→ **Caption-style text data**
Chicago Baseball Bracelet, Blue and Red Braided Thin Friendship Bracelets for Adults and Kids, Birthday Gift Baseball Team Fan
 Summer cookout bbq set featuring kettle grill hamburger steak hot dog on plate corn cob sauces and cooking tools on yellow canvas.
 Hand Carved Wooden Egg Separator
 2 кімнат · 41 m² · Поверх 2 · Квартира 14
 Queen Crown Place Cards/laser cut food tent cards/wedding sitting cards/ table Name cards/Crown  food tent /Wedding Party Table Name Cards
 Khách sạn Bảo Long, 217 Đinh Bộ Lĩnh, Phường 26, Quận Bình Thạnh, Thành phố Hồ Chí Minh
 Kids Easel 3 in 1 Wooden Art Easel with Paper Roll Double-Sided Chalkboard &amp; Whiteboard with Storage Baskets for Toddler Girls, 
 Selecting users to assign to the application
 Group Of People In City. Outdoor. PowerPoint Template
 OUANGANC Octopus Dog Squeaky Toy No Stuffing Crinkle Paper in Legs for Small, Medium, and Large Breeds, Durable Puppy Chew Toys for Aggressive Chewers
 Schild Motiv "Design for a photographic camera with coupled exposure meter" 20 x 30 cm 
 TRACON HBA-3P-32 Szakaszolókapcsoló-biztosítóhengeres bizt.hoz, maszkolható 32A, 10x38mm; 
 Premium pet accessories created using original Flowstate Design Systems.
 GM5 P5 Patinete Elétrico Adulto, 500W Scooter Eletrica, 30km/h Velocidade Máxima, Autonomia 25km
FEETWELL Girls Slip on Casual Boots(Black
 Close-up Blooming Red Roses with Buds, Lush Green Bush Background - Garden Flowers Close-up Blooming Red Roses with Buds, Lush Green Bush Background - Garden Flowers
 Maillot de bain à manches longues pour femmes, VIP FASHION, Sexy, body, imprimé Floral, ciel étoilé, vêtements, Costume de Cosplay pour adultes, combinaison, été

→ **WHAT YOU ARE ASKED TO DO**
Retype every line up to and including the one that contains "Kids Easel 3", beginning at the first line of the records, with no edits.

→ **OUTPUT**
Chicago Baseball Bracelet, Blue and Red Braided Thin Friendship Bracelets for Adults and Kids, Birthday Gift Baseball Team Fan
 Summer cookout bbq set featuring kettle grill hamburger steak hot dog on plate corn cob sauces and cooking tools on yellow canvas.
 Hand Carved Wooden Egg Separator
 2 кімнат · 41 m² · Поверх 2 · Квартира 14
 Queen Crown Place Cards/laser cut food tent cards/wedding sitting cards/ table Name cards/Crown  food tent /Wedding Party Table Name Cards
 Khách sạn Bảo Long, 217 Đinh Bộ Lĩnh, Phường 26, Quận Bình Thạnh, Thành phố Hồ Chí Minh
 Kids Easel 3 in 1 Wooden Art Easel with Paper Roll Double-Sided Chalkboard &amp; Whiteboard with Storage Baskets for Toddler Girls, 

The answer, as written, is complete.